[Start of Attachment]
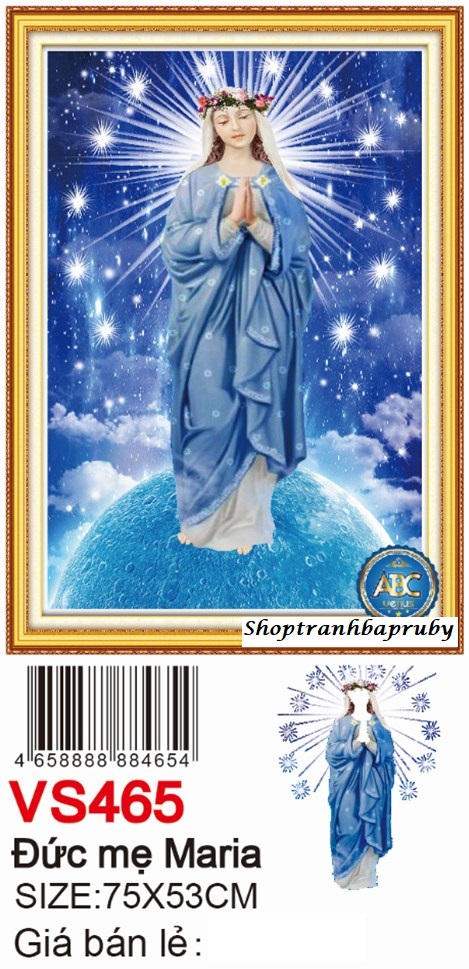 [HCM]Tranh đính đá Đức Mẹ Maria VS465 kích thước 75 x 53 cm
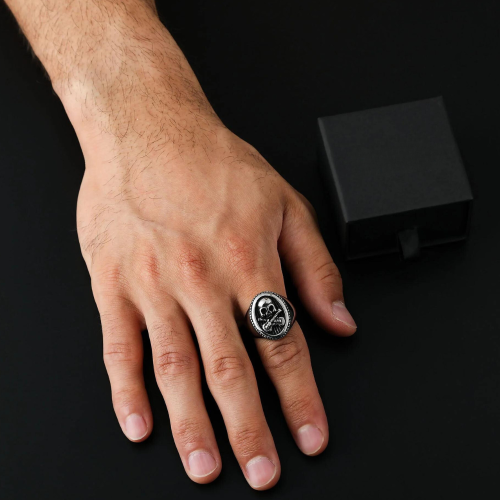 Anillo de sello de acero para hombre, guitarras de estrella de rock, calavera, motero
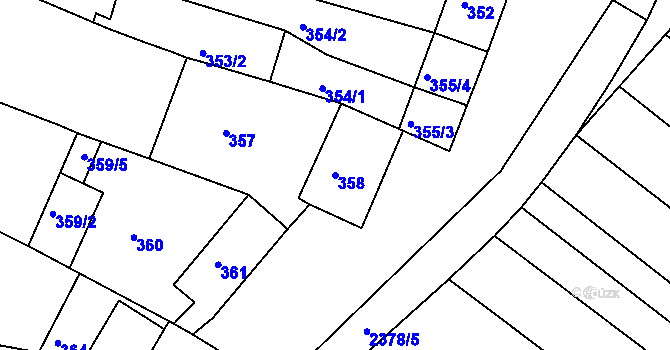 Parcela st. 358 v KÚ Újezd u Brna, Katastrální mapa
[End of Attachment]
[WHAT YOU NEED TO DO]
What this calls for is the material above set down exactly, pictures excluded.

[EXERCISE SOLUTION]
 [HCM]Tranh đính đá Đức Mẹ Maria VS465 kích thước 75 x 53 cm
 Anillo de sello de acero para hombre, guitarras de estrella de rock, calavera, motero
 Parcela st. 358 v KÚ Újezd u Brna, Katastrální mapa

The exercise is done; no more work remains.